Starry Starry Night (Taiwan, 2011)
Directed by: Tom Lin
Starring: Xu Jiao, Lin Hui-min
How many houses contain a family like Mei’s? Everything is neat and tidy, everyone is polite and icy, and everything is cold, and everyone is drifting away from each other, and her parents are about to get a divorce, a_nd it’s like the end of the world. At school she can’t fit in, at home she can’t stop freezing to death, and the only place she can go is deep inside, creating her very own fantasy world full of living origami animals, where the colors are brighter, and the sun won’t stop shining. Finally she forges a tenuous human connection with Jay (Eric Lin), a transfer student as ostracized as she is, and the two of them run away to her beloved grandfather’s house. And that is when she discovers that just as there’s a piece missing from her, there’s a piece missing from Jay, too.
Based on Jimmy Liao’s much-loved illustrated novel, STARRY STARRY NIGHT is a beautifully shot movie that gives audiences a painfully clear-eyed depiction of a 13-year-old girl who’s watching her life fall apart. Starring Stephen Chow’s daughter from CJ7 (Xu Jiao, now all grown up) as Mei, and newcomer Eric Lin as Jay, the film’s also anchored by senior thesps Rene Liu playing Mei’s heartbroken mother, and Kenneth Tsang playing her grandfather. The visuals shimmer with a magic realist sheen, and Japanese electronica act, World’s End Girlfriend (who did the soundscape for NYAFF hit Late Bloomer) turn in a rapturous, swooning score. And you know it’s going to be good with Chen Kuo-fu producing (he wrote Detective Dee and the Mystery of the Phantom Flame, and produced If You Are the One).
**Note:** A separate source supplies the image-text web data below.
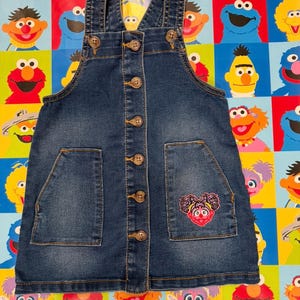 May include: A denim overall dress with a button-up front and two front pockets. The dress features a colorful embroidered design of a Sesame Street character on one pocket. The dress has adjustable straps and is suitable for children.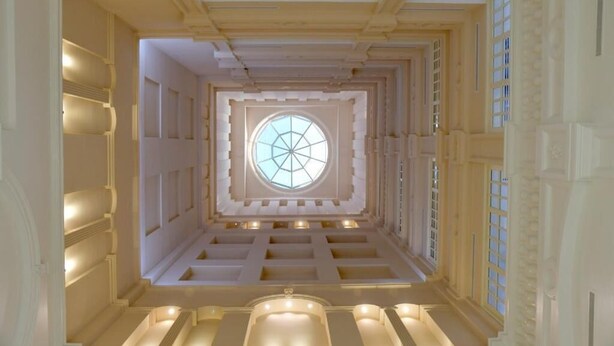 Una gran escalera simétrica con un ventanal circular central, rodeada de detalles arquitectónicos ornamentales.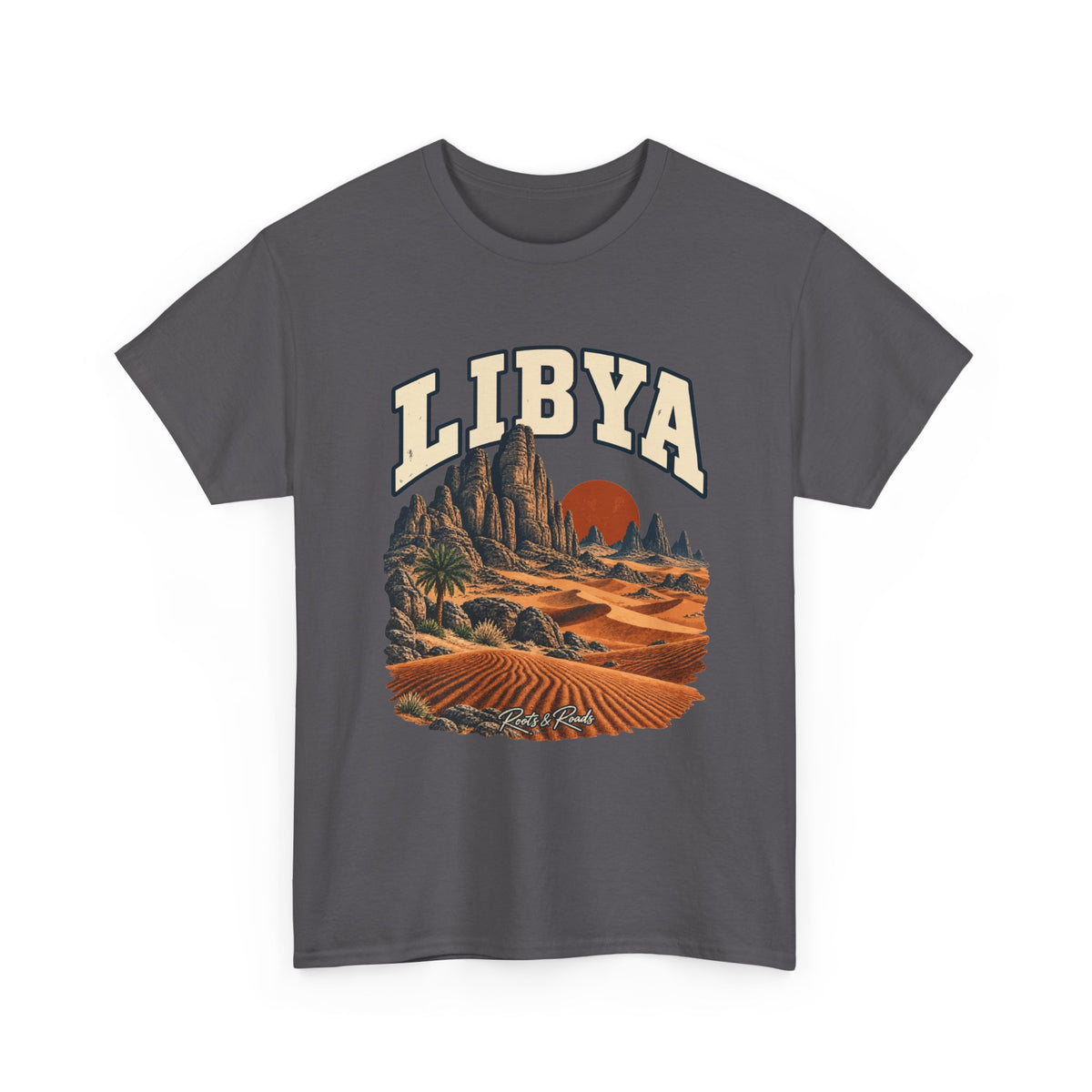 Front view of a Charcoal Gildan 5000 T-shirt with cream LIBYA lettering, sandstone spires, wind-shaped dunes, a lone palm and a rust-coloured sun, and Roots & Roads script.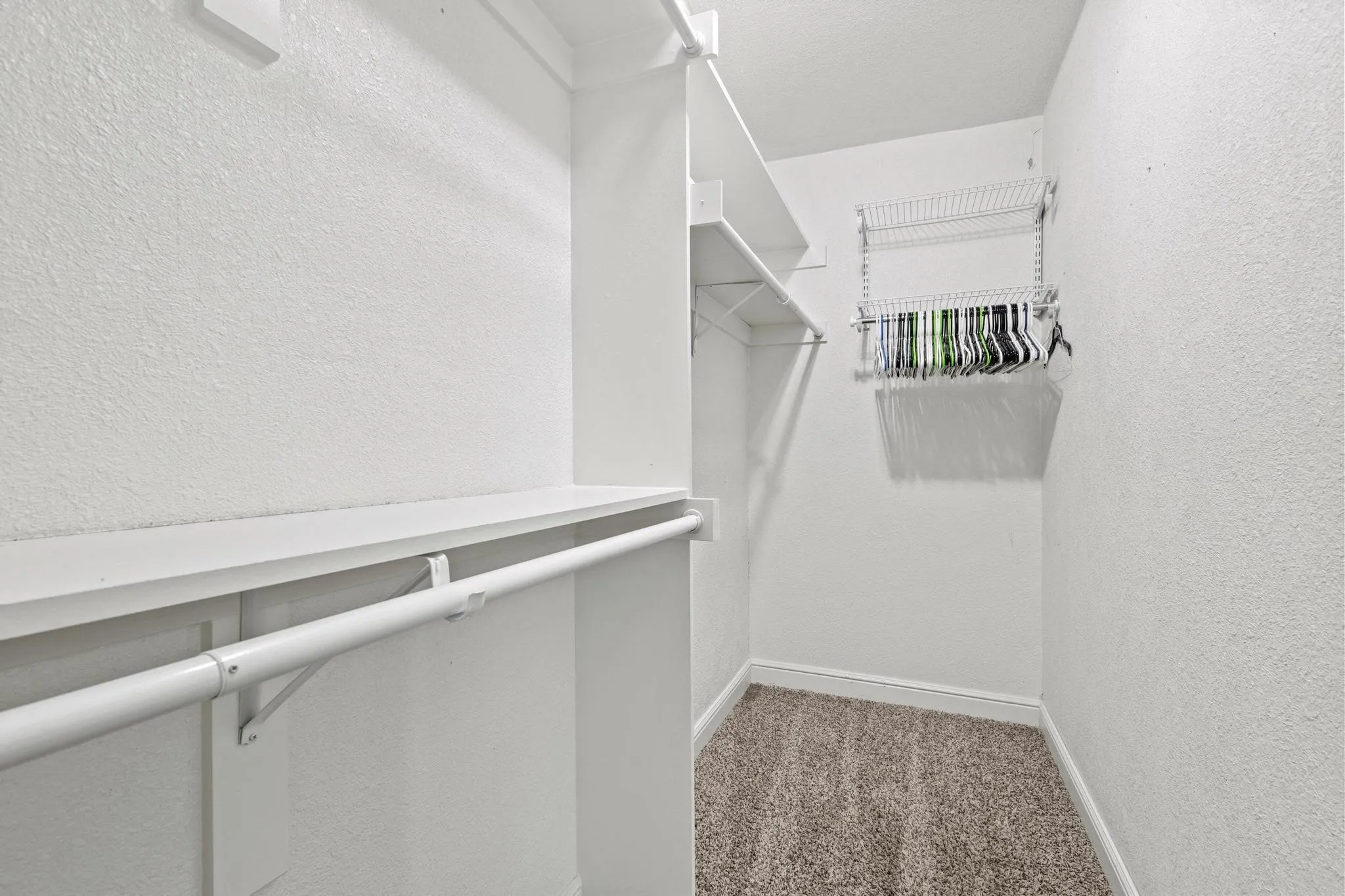 Walk-in closet featuring white wire shelving and hanging rods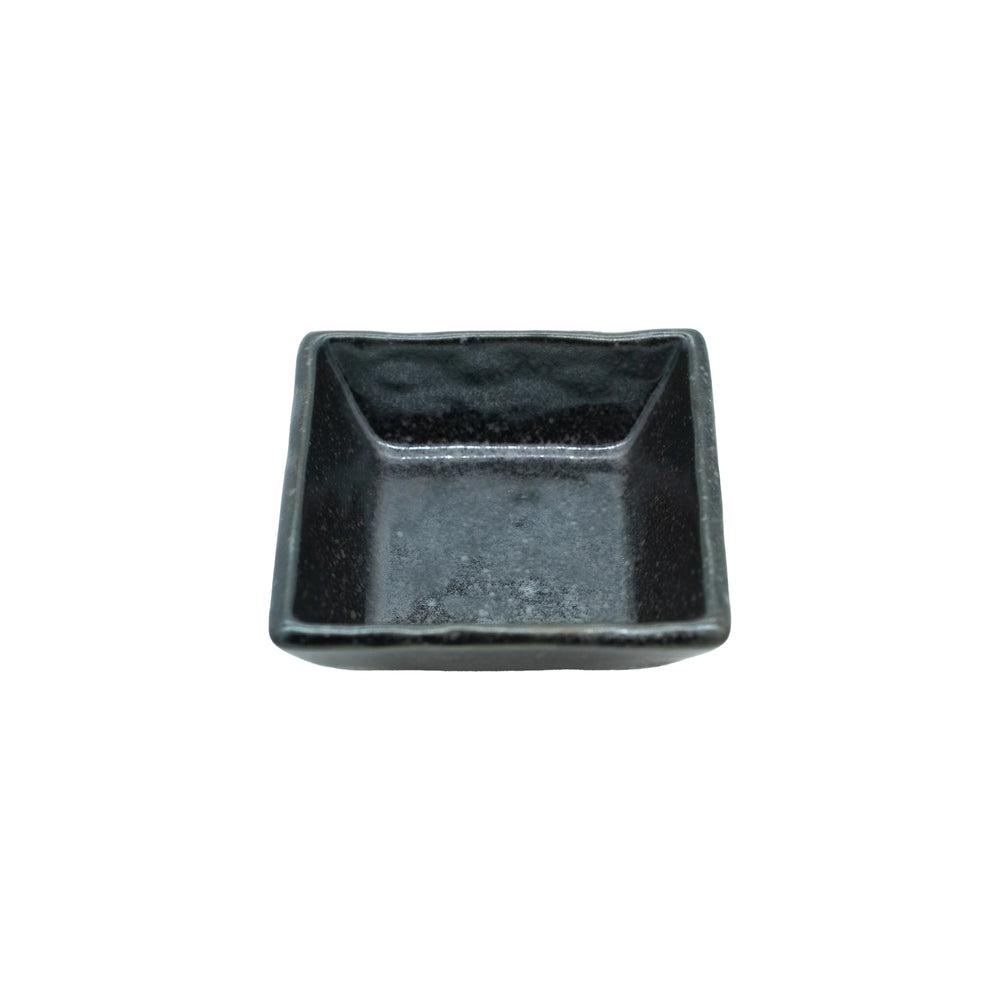 The Soy Sauce Dish - Square in Matt Black is a small, empty, square-shaped dish on a white background, ideal for serving condiments or sauces.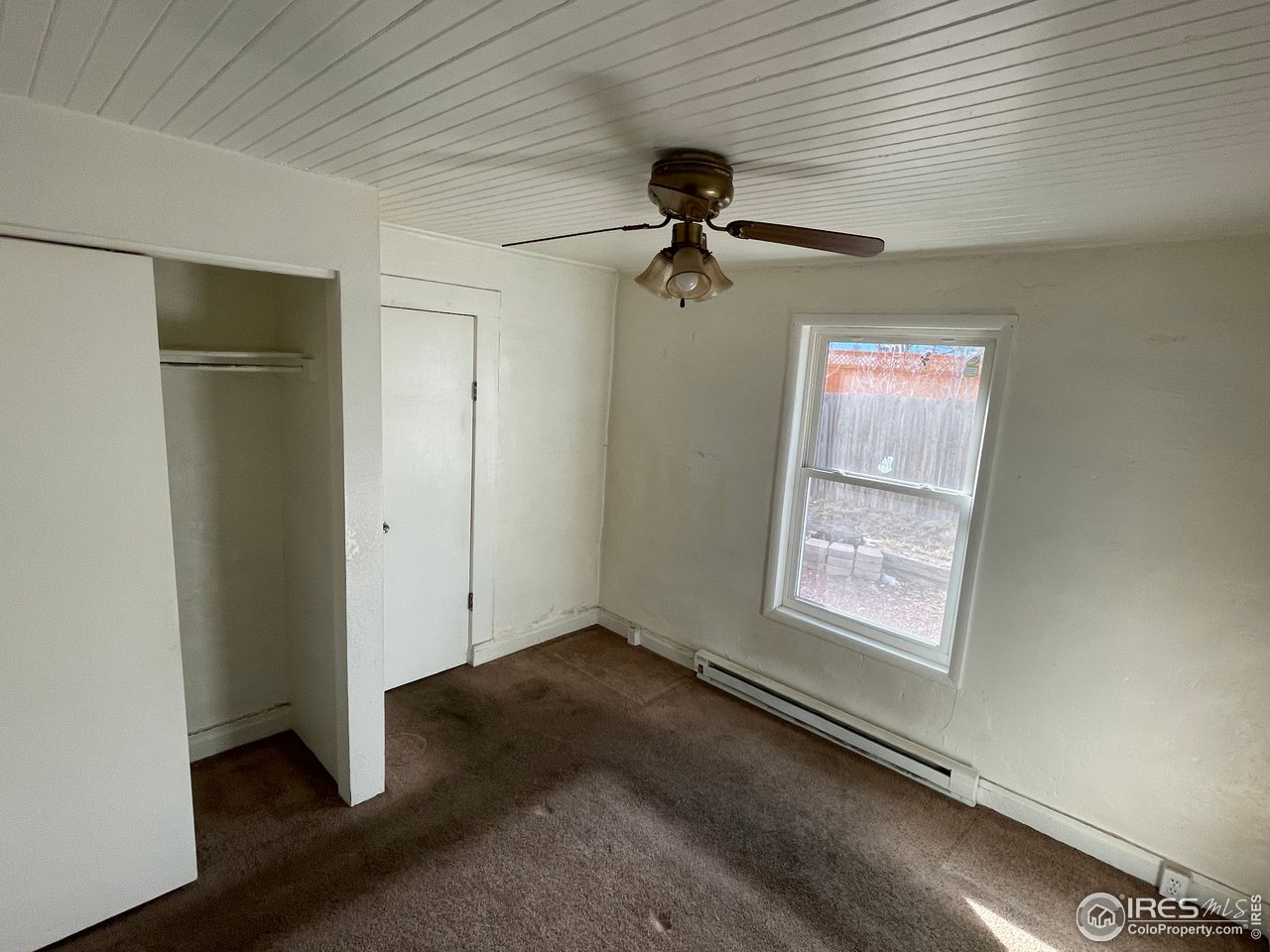 101 Reed Place Longmont, CO 80504 - Photo 19 of 34 an empty room with windows and fan
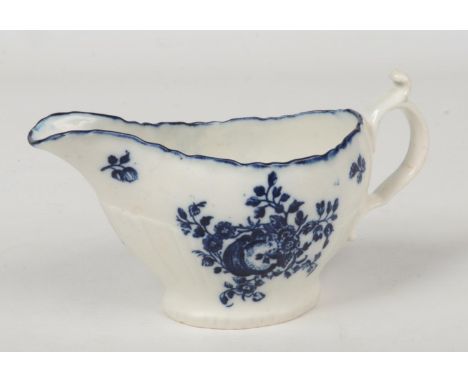 A Caughley sauceboat of rare shape with scalloped rim and partially strap fluted. Printed in underglaze blue with the Sliced 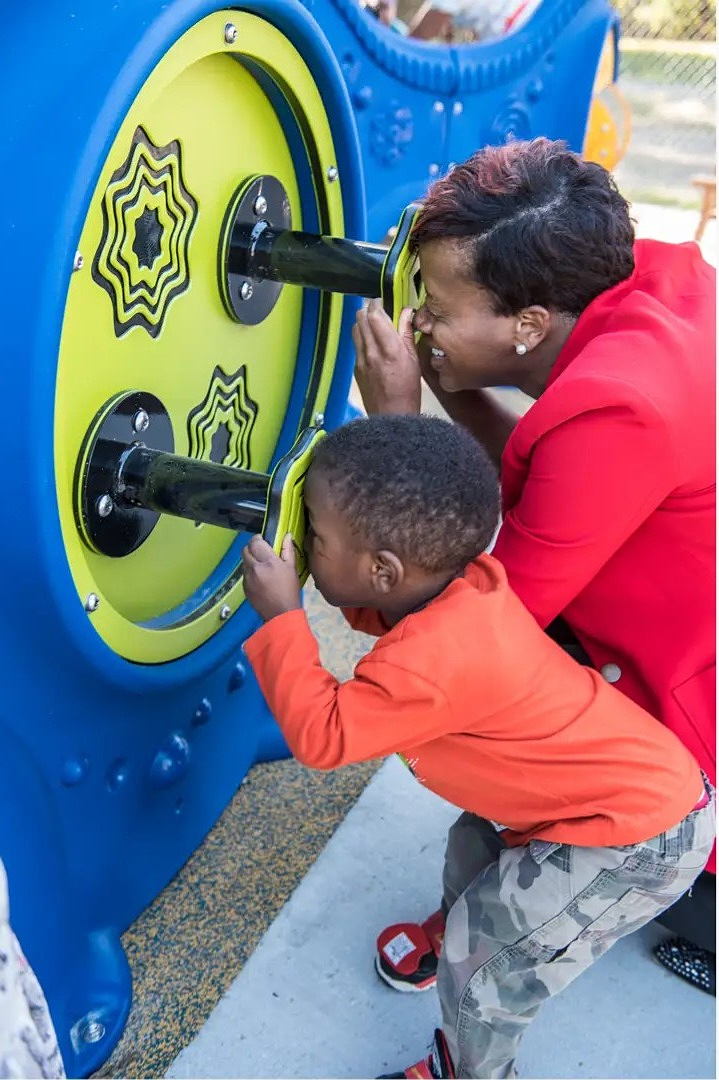 Mom and son look through scopes in lime green and bright blue play structure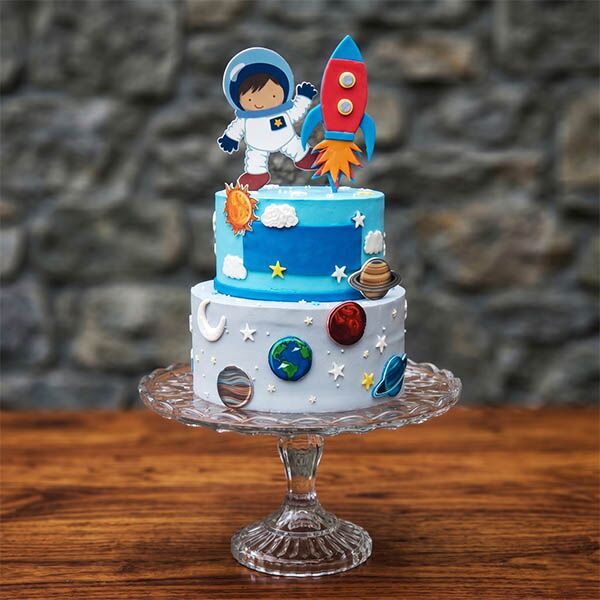 Two-tier blue space cake with cartoon astronaut and rocket toppers.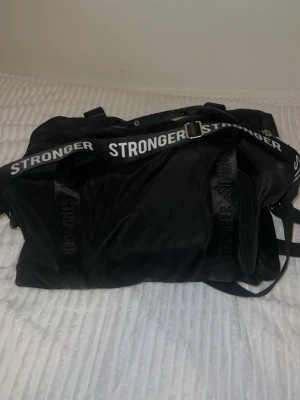 Svart handväska från Stronger - Svart handväska från Stronger med tydlig logotyp på axelremmen i vitt. Väskan har dragkedja, flera bärhandtag och innerfoder med texten 'Escape Ordinary'. Tillverkad i slitstarkt syntetmaterial och har en sportig look.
A popular hit when it was released in Taiwan, STARRY STARRY NIGHT occasionally comes close to being too precious, but always pulls back just in time. Besides, if any movie deserves a bit of your indulgence, it’s this one, that is so honest about all the painful, beautiful, horrible, breathtaking things that happen when you’re thirteen years old and your whole world is falling apart, leaving a new one called adulthood in its place. We try not to use this word very often, but this movie is truly magical.